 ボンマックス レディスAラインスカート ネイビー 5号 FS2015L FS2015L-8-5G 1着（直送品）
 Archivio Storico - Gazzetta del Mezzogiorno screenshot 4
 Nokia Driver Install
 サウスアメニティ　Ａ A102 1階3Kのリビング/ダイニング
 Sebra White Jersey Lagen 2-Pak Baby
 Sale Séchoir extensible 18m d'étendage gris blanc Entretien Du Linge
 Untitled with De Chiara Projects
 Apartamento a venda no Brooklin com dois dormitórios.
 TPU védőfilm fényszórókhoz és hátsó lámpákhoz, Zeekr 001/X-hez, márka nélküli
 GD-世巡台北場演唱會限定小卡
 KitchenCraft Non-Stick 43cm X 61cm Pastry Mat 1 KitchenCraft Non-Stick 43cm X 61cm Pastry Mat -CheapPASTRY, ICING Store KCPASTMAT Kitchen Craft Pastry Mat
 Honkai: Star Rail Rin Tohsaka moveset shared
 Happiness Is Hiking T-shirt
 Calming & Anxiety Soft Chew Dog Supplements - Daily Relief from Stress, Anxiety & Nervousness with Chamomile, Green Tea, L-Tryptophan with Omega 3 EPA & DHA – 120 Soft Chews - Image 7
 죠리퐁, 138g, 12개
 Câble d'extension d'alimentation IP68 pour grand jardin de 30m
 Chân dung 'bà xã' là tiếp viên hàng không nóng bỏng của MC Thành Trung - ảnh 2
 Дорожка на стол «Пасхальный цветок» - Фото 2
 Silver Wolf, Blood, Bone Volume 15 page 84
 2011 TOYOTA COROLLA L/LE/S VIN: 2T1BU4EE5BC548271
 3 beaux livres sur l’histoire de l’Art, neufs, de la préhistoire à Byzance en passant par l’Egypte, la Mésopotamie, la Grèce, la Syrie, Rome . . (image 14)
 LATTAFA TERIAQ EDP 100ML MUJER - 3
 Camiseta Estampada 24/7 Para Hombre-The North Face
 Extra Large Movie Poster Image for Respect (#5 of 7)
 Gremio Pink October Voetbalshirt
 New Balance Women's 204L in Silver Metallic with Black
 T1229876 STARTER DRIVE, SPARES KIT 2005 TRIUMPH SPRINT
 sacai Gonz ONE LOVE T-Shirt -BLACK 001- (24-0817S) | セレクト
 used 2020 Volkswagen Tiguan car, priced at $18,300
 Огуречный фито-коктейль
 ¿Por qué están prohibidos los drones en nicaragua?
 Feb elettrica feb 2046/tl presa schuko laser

» EXERCISE
Look above for the line containing "LATTAFA TERIAQ EDP 100ML MUJER - 3"; copy from it through the last line, exactly, and nothing more.

» RESPONSE
 LATTAFA TERIAQ EDP 100ML MUJER - 3
 Camiseta Estampada 24/7 Para Hombre-The North Face
 Extra Large Movie Poster Image for Respect (#5 of 7)
 Gremio Pink October Voetbalshirt
 New Balance Women's 204L in Silver Metallic with Black
 T1229876 STARTER DRIVE, SPARES KIT 2005 TRIUMPH SPRINT
 sacai Gonz ONE LOVE T-Shirt -BLACK 001- (24-0817S) | セレクト
 used 2020 Volkswagen Tiguan car, priced at $18,300
 Огуречный фито-коктейль
 ¿Por qué están prohibidos los drones en nicaragua?
 Feb elettrica feb 2046/tl presa schuko laser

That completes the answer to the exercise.